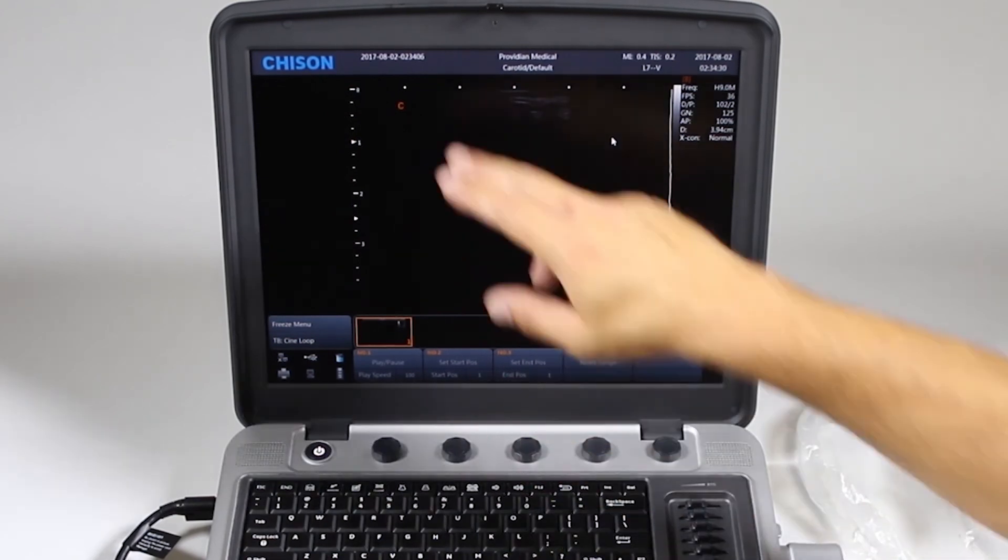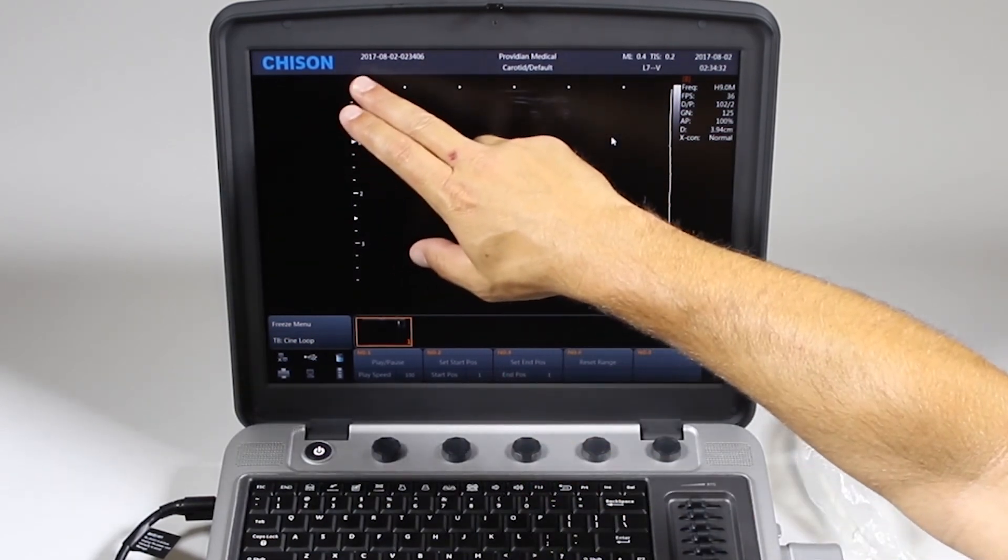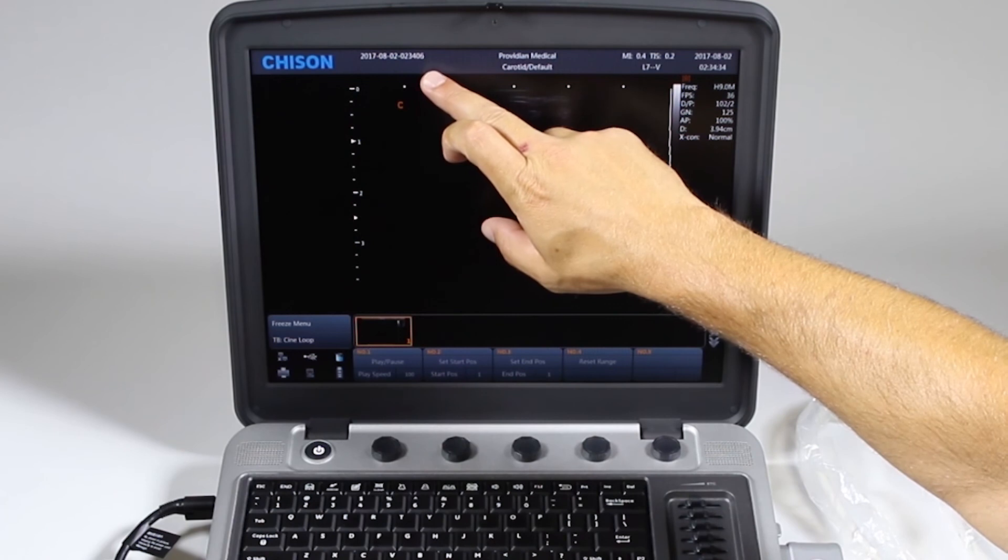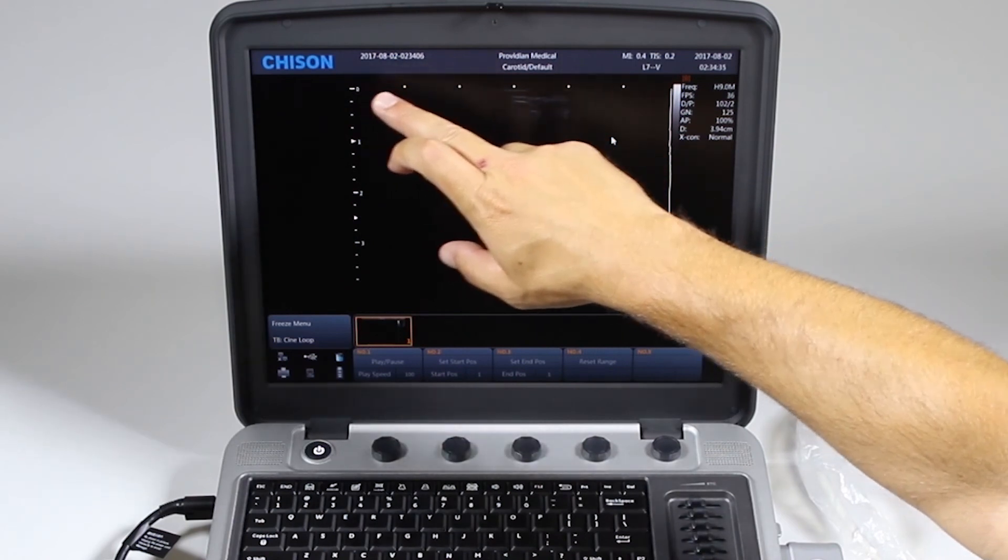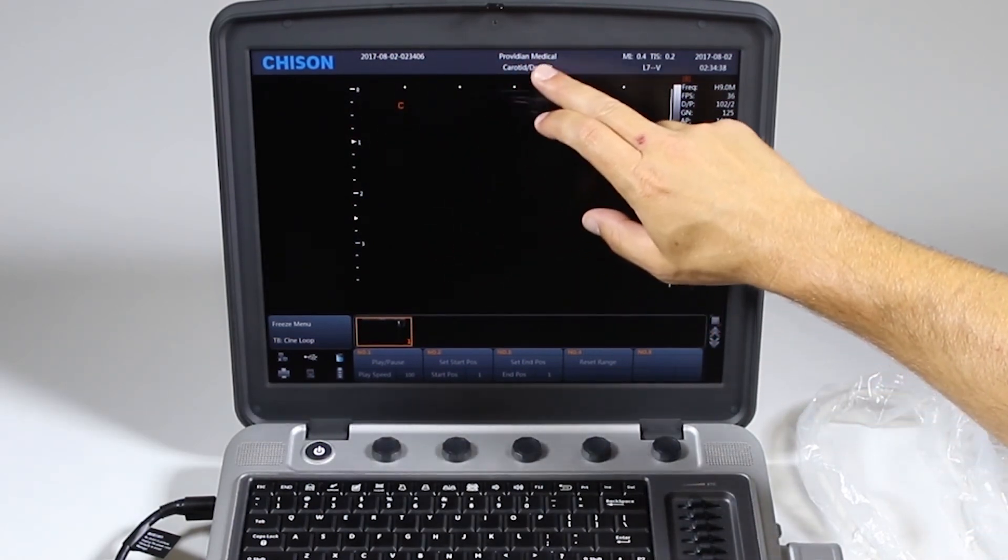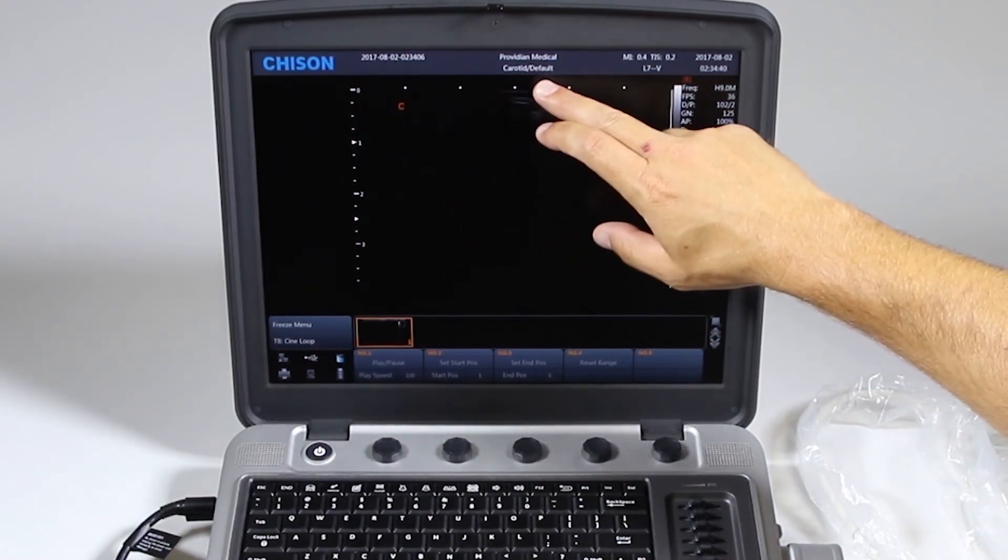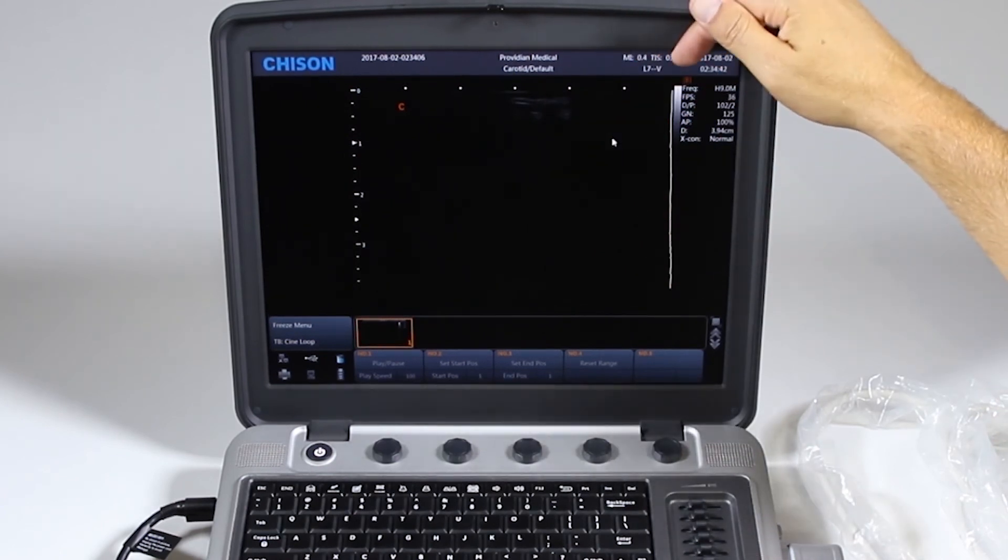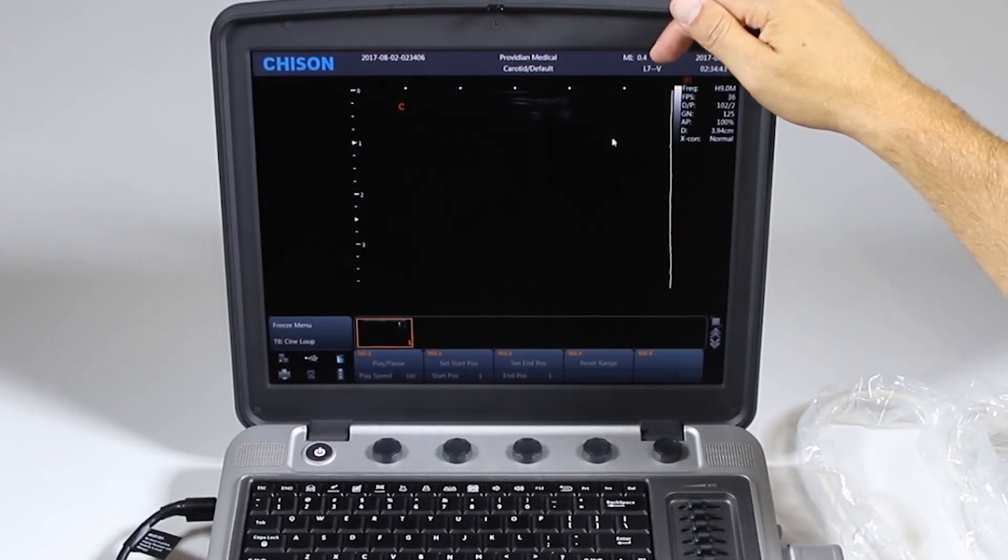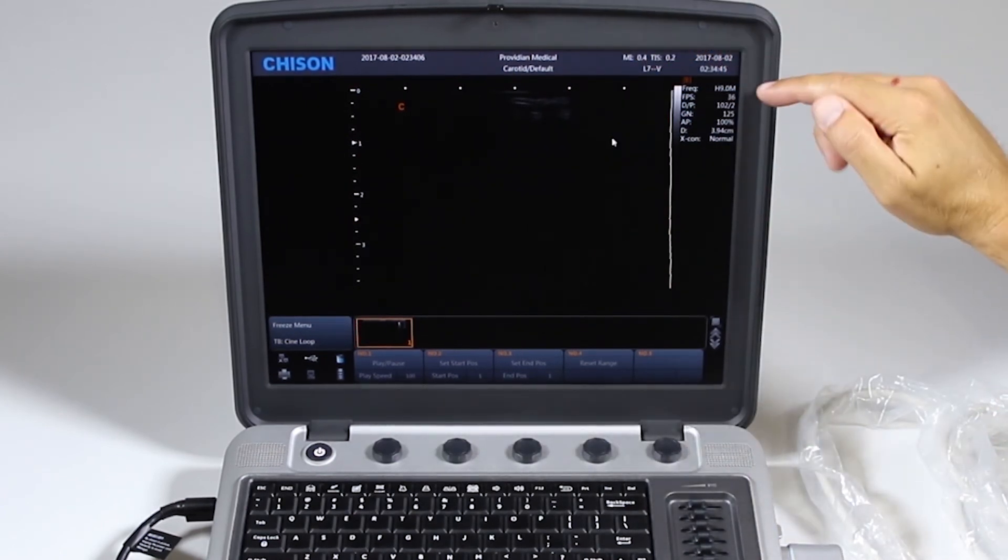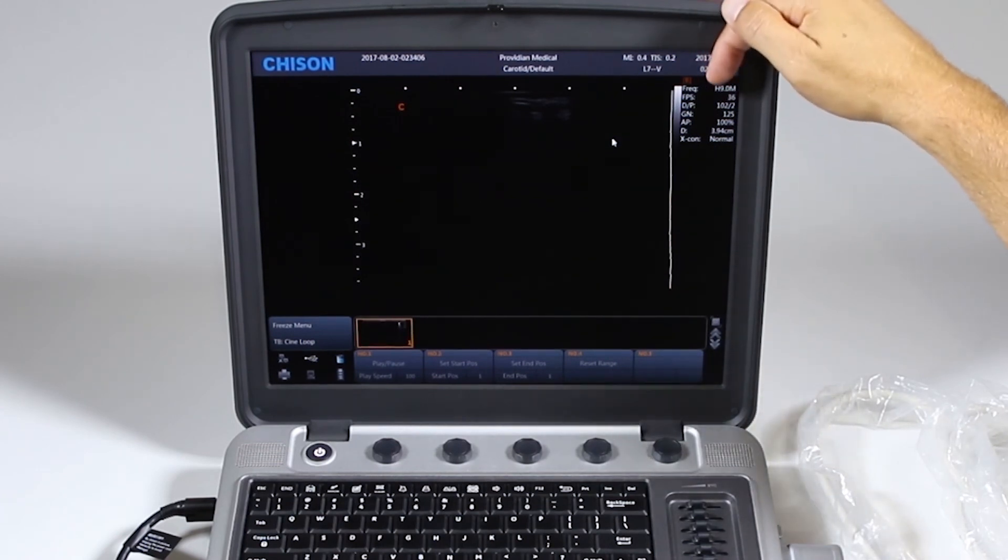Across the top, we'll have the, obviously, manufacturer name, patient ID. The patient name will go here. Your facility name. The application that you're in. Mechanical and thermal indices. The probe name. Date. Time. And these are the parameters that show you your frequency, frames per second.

==============================

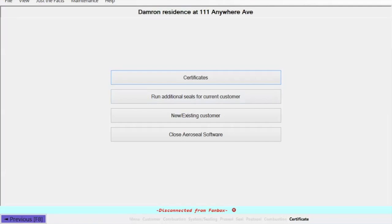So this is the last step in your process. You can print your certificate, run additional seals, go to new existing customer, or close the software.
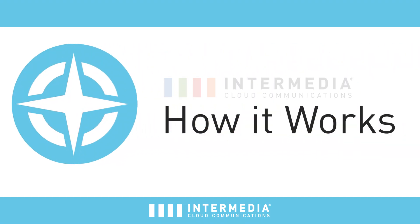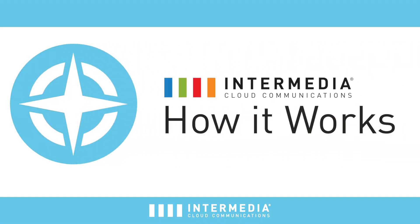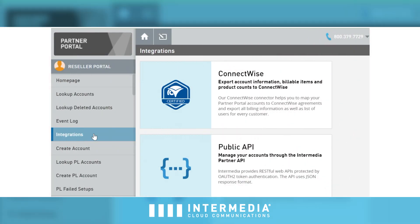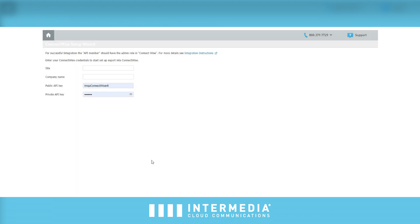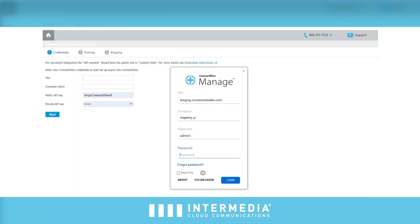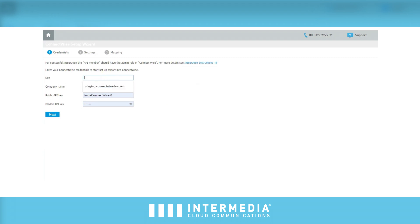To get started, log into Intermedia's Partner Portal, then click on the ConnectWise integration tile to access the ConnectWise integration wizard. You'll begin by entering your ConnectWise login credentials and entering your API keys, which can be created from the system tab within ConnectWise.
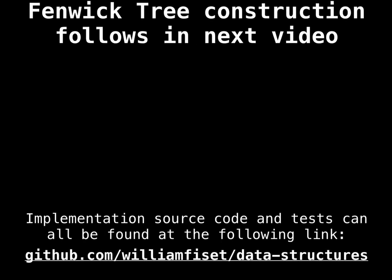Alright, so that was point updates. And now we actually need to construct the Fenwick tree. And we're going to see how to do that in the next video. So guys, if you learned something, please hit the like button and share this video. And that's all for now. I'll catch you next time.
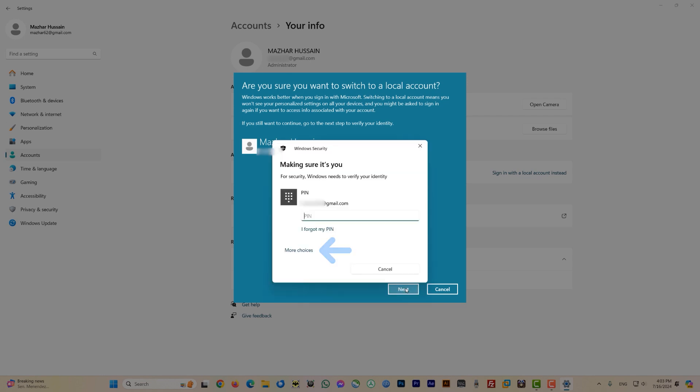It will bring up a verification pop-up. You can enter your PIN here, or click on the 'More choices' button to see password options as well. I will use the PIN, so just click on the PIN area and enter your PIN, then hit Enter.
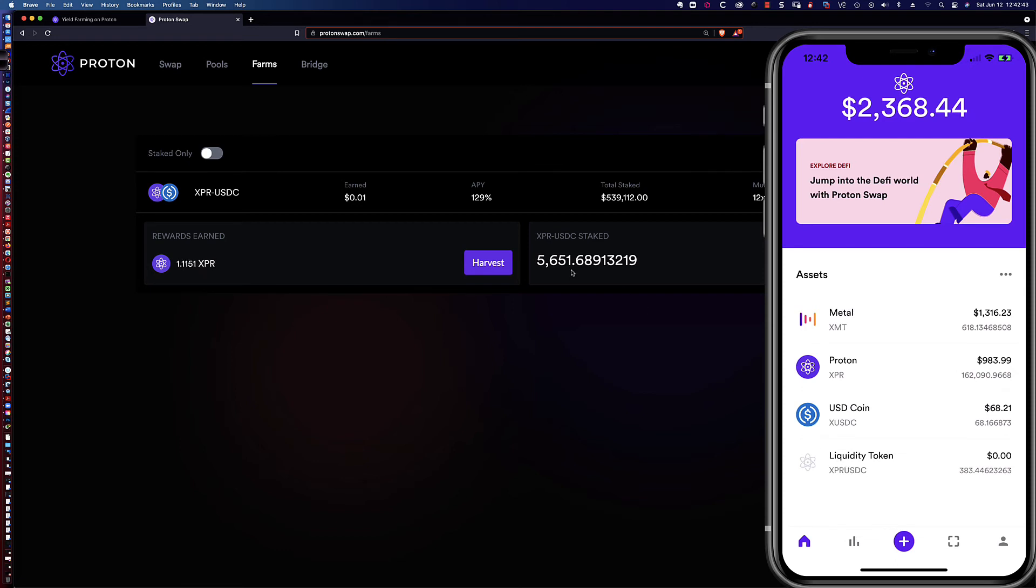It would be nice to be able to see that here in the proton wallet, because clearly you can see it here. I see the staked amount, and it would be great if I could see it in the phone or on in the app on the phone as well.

==============================

> Problem requirements
Up in the listing, locate the line with "Alright, so that"; print it and every line after it down to the line with "It would be nice", which is included too. Skip the pictures.

> Solution
Alright, so that was point updates. And now we actually need to construct the Fenwick tree. And we're going to see how to do that in the next video. So guys, if you learned something, please hit the like button and share this video. And that's all for now. I'll catch you next time.
It will bring up a verification pop-up. You can enter your PIN here, or click on the 'More choices' button to see password options as well. I will use the PIN, so just click on the PIN area and enter your PIN, then hit Enter.
It would be nice to be able to see that here in the proton wallet, because clearly you can see it here. I see the staked amount, and it would be great if I could see it in the phone or on in the app on the phone as well.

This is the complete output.